El presidente ejecutivo de Puig, Marc Puig, en la inauguración de la ampliación de sus oficinas en l'Hospitalet de Llobregat

Puig, el grupo familiar catalán que se ha convertido en un coloso de la moda y la perfumería, está a punto de dar el salto a la bolsa. Marcada por una historia de 110 años, el valor de la compañía se estima en más de 10,000 millones de euros, lo que la posiciona para entrar al Ibex, el índice que reúne a las empresas con mayor capitalización en España.

El grupo fue fundado por Antonio Puig Castelló hace más de un siglo. A lo largo de su historia, la empresa ha producido productos emblemáticos como Milady, el primer lápiz de labios producido en España, y el agua Lavanda Puig. Hoy, la empresa está dirigida por la tercera generación familiar, con Marc Puig Guasch como presidente y su primo Manuel Puig Rocha como vicepresidente.

El reto ahora para la familia Puig será mantener el control mayoritario de la empresa y evitar una oferta pública de adquisición (opa) o asaltos de gigantes competidores como Louis Vuitton Moet Henney (LVMH) y L’Oreal, así como el suizo Richemont.

En su camino hacia la bolsa, la compañía podría seguir los pasos de Grifols y Abengoa, otros grupos familiares que han emitido acciones de clase B con menores derechos de voto. Sin embargo, esta estrategia no es bien vista por todos los inversores profesionales, quienes argumentan que limita su capacidad para influir en las operaciones estratégicas de la empresa.

La compañía ha experimentado un crecimiento imparable en los últimos años, a pesar de la pandemia que provocó las primeras pérdidas en la historia del grupo. En el año 2023, Puig reportó ventas por valor de 4,300 millones de euros y un beneficio neto de 465 millones de euros, lo que representa un crecimiento del 19% y del 16%, respectivamente, en comparación con el año anterior.

El crecimiento del grupo se debe en gran parte a su estrategia de centrarse en la marca propia de alta gama y a la adquisición de firmas internacionales como Jean Paul Gaultier, L’Artisan Parfumeur, Penhaligon’s, Byredo, Dries Van Noten y Charlotte Tilbury.
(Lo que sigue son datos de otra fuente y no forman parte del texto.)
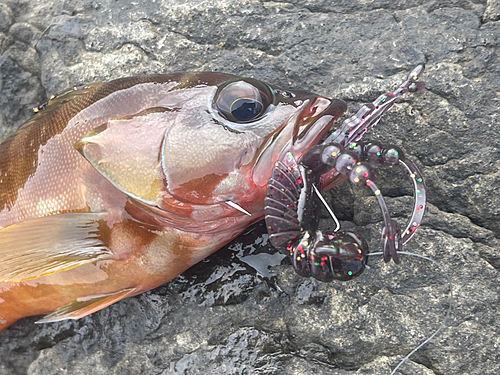 アカハタの釣果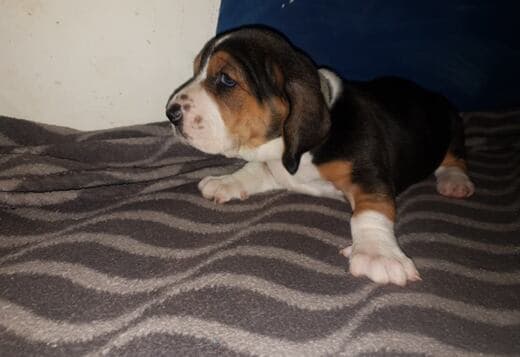 Cute Basset Hound puppies Searching For lovely homes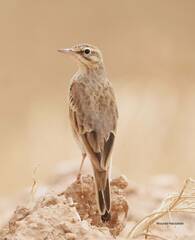 Anthus campestris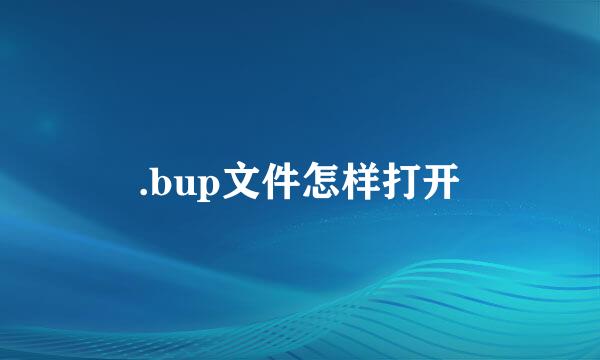 .bup文件怎样打开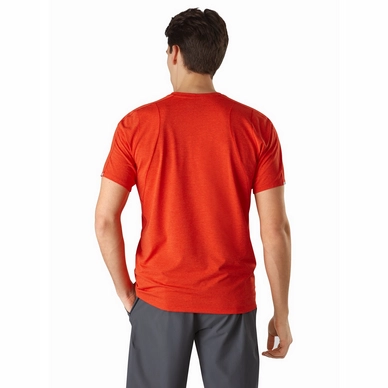 2---Cormac-Crew-SS-Dynasty-Back-View
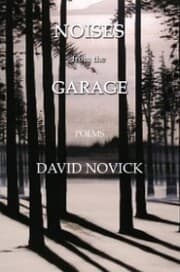 Cover von Noises from the Garage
Además de su negocio principal, los Puig tienen participaciones en otras empresas como Adolfo Domínguez, Colonial, Fluidra, Flamagás, Alpino, Isdin y Lonia.
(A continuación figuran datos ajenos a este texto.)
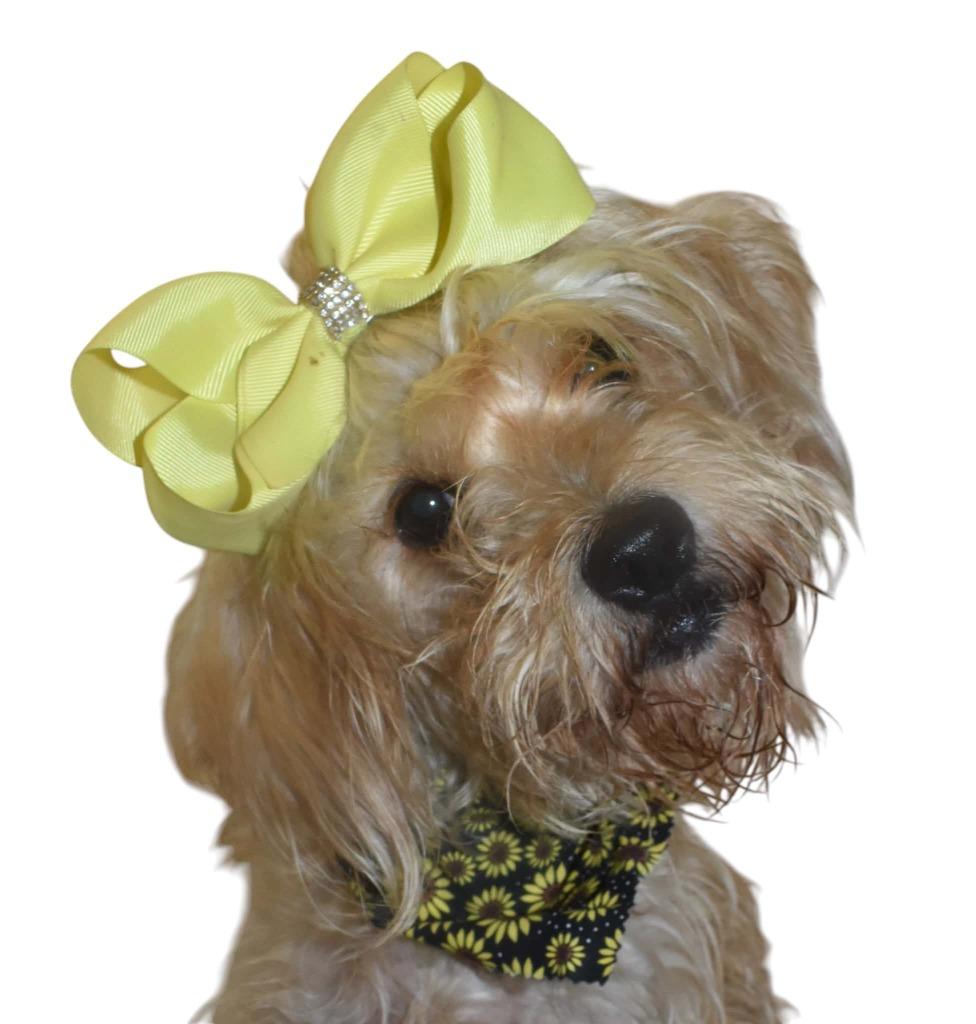 Enlarge Isabelle, a Adoptable Wirehaired Terrier in Springfield, OH image 6/6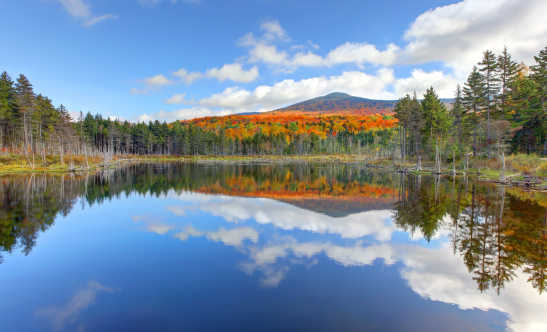 White Mountain National Forest in New Hampshire in den USA
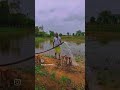 Ecozen|| Solar || Controller|| Pumping #solarpump #farming #ecozen #controller #trending #shorts
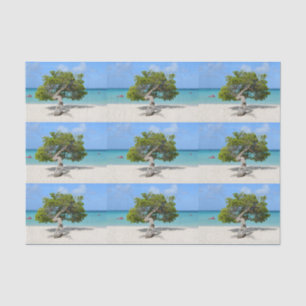 Solo- Divi Divi Baum in Aruba Seidenpapier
El imperio Puig fue forjado por los cuatro hermanos de la segunda generación, Antonio, Mariano, José María y Enrique Puig Planas. Adoptaron un modelo de dirección en equipo, conocido como ‘team at the top‘, y se centraron en la expansión nacional e internacional de la empresa.

Hoy, Puig Brands, la empresa matriz, está controlada por las cuatro ramas de la familia a través de un entramado de sociedades. Las sociedades Exea Empresarial, Exea Ventures y Puig Gest son los principales accionistas de Puig Brands, mientras que otras sociedades representan a las ramas familiares.

Antes de la salida a bolsa, los analistas sugieren que Puig debería simplificar o hacer más transparente su entramado societario. Los inversores suelen penalizar la opacidad y prefieren una gobernanza clara y sin relaciones cruzadas.

La salida a bolsa de Puig será la operación de mayor envergadura en el ‘parquet’ para una empresa familiar catalana desde la de Fluidra 2007 o de la farmacéutica Almirall ese mismo ejercicio. Los expertos afirman que el sector en el que opera Puig, que se asimila al lujo, se paga bien y es atractivo para los inversores.

Finalmente, el asesor de empresas familiares Jordi Tarragona señala que la salida a bolsa puede solucionar el problema de la liquidez y facilitar el relevo generacional en Puig, que ha decidido que la cuarta generación no se dedicará a la gestión.